13 January 2013

Strange Life

strange life: being red-letter christians in a post-christian world
13 january 2013
franktown united methodist church

Once I was kayaking.  I can tell you just where I was.  It was a sunny day, a few wispy clouds on a spring afternoon, and I was heading south in the Great Channel behind Cedar Island.  I had just turned the bend to head back towards Burton's Bay.

I stopped paddling because I realized that I was floating on glass.  It was the slickest of slick cam.  I knew I would never see water this still again.  It was stretched like a skin across the channel.  When I looked down into the water it was a perfect mirror of the sky above.
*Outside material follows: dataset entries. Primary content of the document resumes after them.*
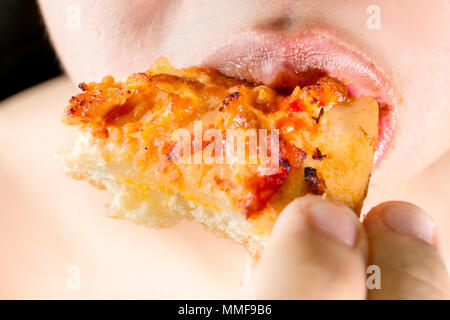 Hand halten und essen Pizza Box Set auf weißem Hintergrund. geschlossen. Freistellungspfad Stockfoto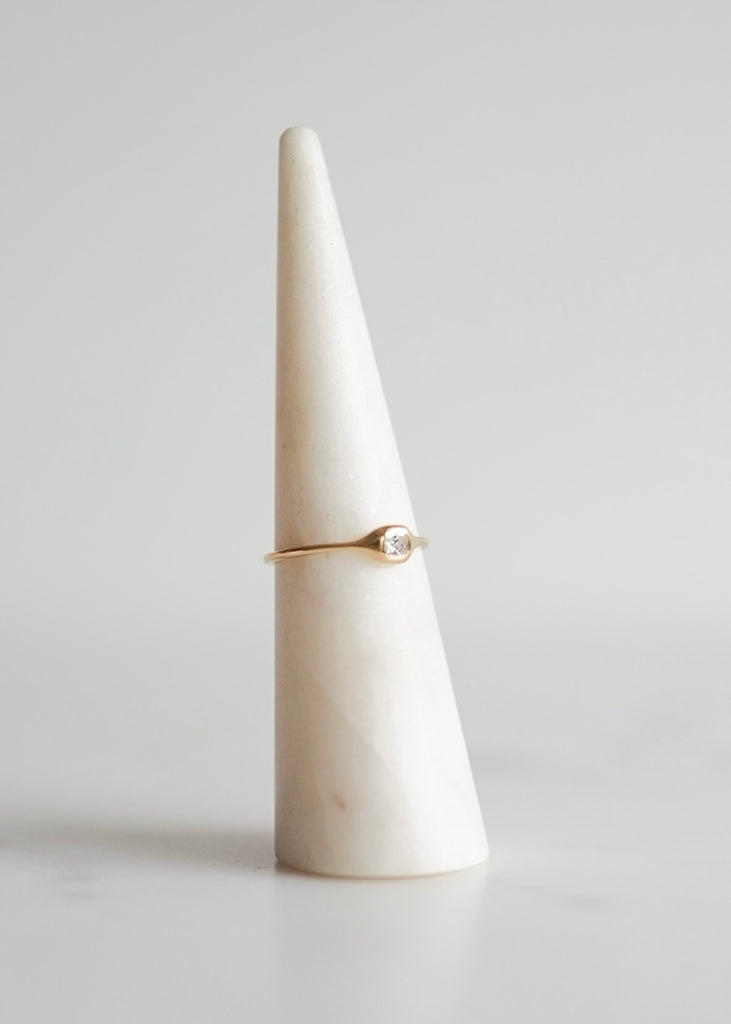 Diana Mitchell | Cushion Cut Diamond Shape Ring | 18k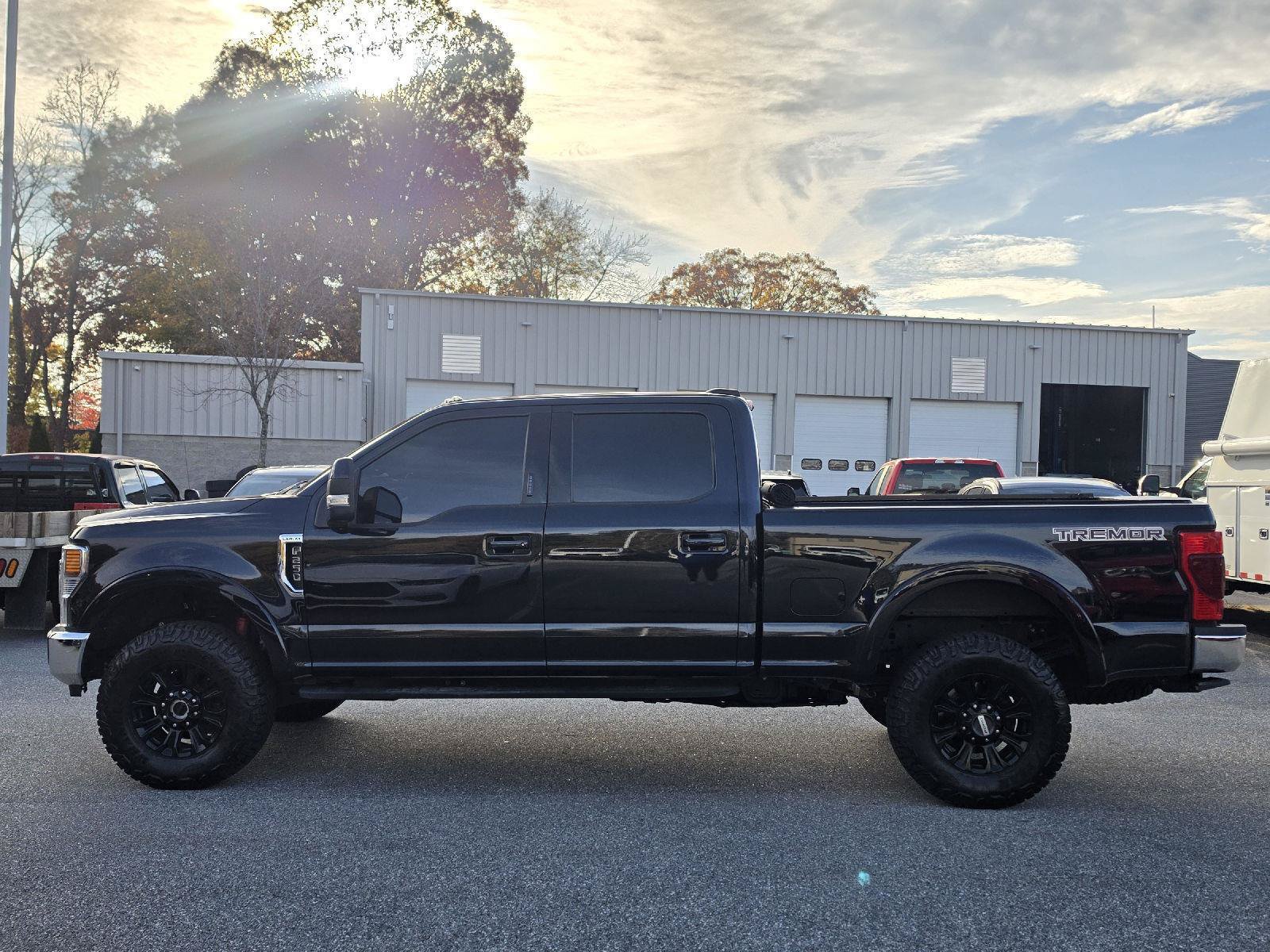 Used 2022 Ford F250 Lariat w/ Tremor Off-Road Package AWD/4WD image 6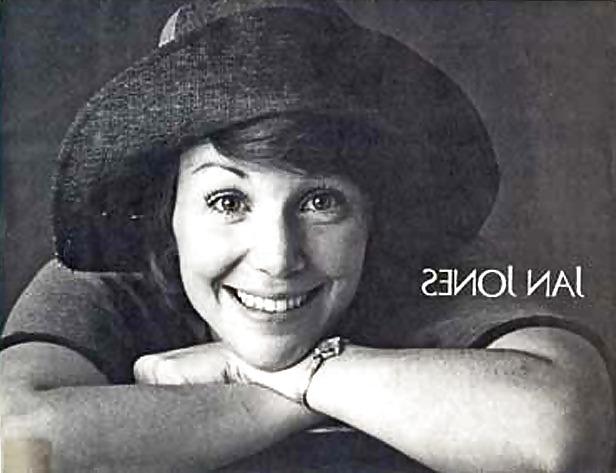 25P Retro Northcoast Newsbabe: Jan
So there I was looking down at my reflection.  I could see the lines in my face.  I forgot I was looking at water.  I really forgot.  And I know I forgot because, as I was looking at my face in the water I suddenly realized that another face was looking up at me.  A fish had darted up towards the surface and its scales glistened behind my reflection.  I had forgotten that beneath me was the deep, a whole other world below the surface.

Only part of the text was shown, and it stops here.